Other-Than-Temporary Impairments of Equity Securities

 

For those equity securities classified as available-for-sale, we record unrealized gains and losses to the extent cost is different from estimated fair value. All securities with unrealized losses are subject to our review to identify other-than-temporary impairments in value. In evaluating whether a decline in value is other-than-temporary, we consistently consider several factors including, but not limited to, the following:

 

   

the extent and the duration of the decline; including, but not limited to, the following general guidelines:

 

   

declines in value greater than 20%, maintained for six months or greater;

 

   

declines in value maintained for one year or greater; and

 

   

declines in value greater than 50%;

 

   

the reasons for the decline in value (issuer specific event, currency or market fluctuation);

 

   

our ability and intent to hold the investment for a period of time to allow for a recovery of value, including certain equity securities managed by independent third parties where we do not exercise management discretion concerning individual buy or sell decisions; and

 

   

the financial condition of and near-term prospects of the issuer.

 

We generally recognize other-than-temporary impairments for securities with declines in value greater than 50% maintained for six months or greater or with any decline in value maintained for one year or greater.
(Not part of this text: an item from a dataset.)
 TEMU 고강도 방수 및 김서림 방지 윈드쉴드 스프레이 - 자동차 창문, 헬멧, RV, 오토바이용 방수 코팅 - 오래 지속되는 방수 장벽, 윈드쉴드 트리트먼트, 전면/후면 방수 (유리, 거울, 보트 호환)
In addition, in making our determinations we continue to analyze the financial condition and near-term prospects of the issuer, including an assessment of the issuer’s capital position, and consider our ability and intent to hold the investment for a period of time to allow for a recovery of value.

 

For those securities that have declines in value that are deemed to be only temporary, we make an assertion as to our ability and intent to retain the security until recovery. Once identified, these securities are restricted from trading unless authorized based upon events that could not have been foreseen at the time we asserted our ability and intent to retain the security until recovery. Examples of such events include, but are not limited to, the deterioration of the issuer’s creditworthiness, a major business combination or disposition, a change in regulatory requirements, certain other portfolio actions or other similar events. For those securities that have declines in value for which we cannot assert our ability and intent to retain until recovery, including certain equity securities managed by independent third parties where we do not exercise management discretion concerning individual buy or sell decisions, impairments are recognized as other-than-temporary regardless of the reason for, or the extent of, the decline. For perpetual preferred securities, which have characteristics of both debt and equity securities, we apply an impairment model similar to our fixed maturity securities, factoring in the position of the security in the capital structure and the lack of a formal maturity date. For additional discussion of our policies regarding other-than-temporary impairments of fixed maturity securities, see “—Fixed Maturity Securities—Other-than-Temporary Impairments of Fixed Maturity Securities” above.

 

When we determine that there is an other-than-temporary impairment, we record a writedown to estimated fair value, which reduces the cost basis and is included in “Realized investment gains (losses), net.” See Note 2 to the Unaudited Interim Consolidated Financial Statements for additional information regarding our policies around other-than-temporary impairments for equity securities. See Note 13 to the Unaudited Interim Consolidated Financial Statements for information regarding the fair value methodology used for equity securities.

 

Impairments of equity securities attributable to the Financial Services Businesses were $21 million and $40 million for the three months ended September 30, 2012, and 2011, respectively, and $93 million and $85 million for the nine months ended September 30, 2012, and 2011, respectively. Impairments of equity securities attributable to the Closed Block Business were $3 million and $2 million for the three months ended September 30, 2012, and 2011, respectively, and $21 million and $16 million for the nine months ended September 30, 2012, and 2011, respectively. For a further discussion of impairments, see “—Realized Investment Gains and Losses” above.

 

268


Table of Contents

Other Long-Term Investments

 

“Other long-term investments” are comprised as follows:

 

     September 30, 2012      December 31, 2011  
     Financial
Services
Businesses
     Closed
Block
Business
     Financial
Services
Businesses
     Closed
Block
Business
 
     (in millions)  

Joint ventures and limited partnerships:

           

Real estate-related

   $ 340      $ 480      $ 360      $ 413  

Non-real estate-related

     1,840        1,390        1,733        1,284  

Real estate held through direct ownership(1)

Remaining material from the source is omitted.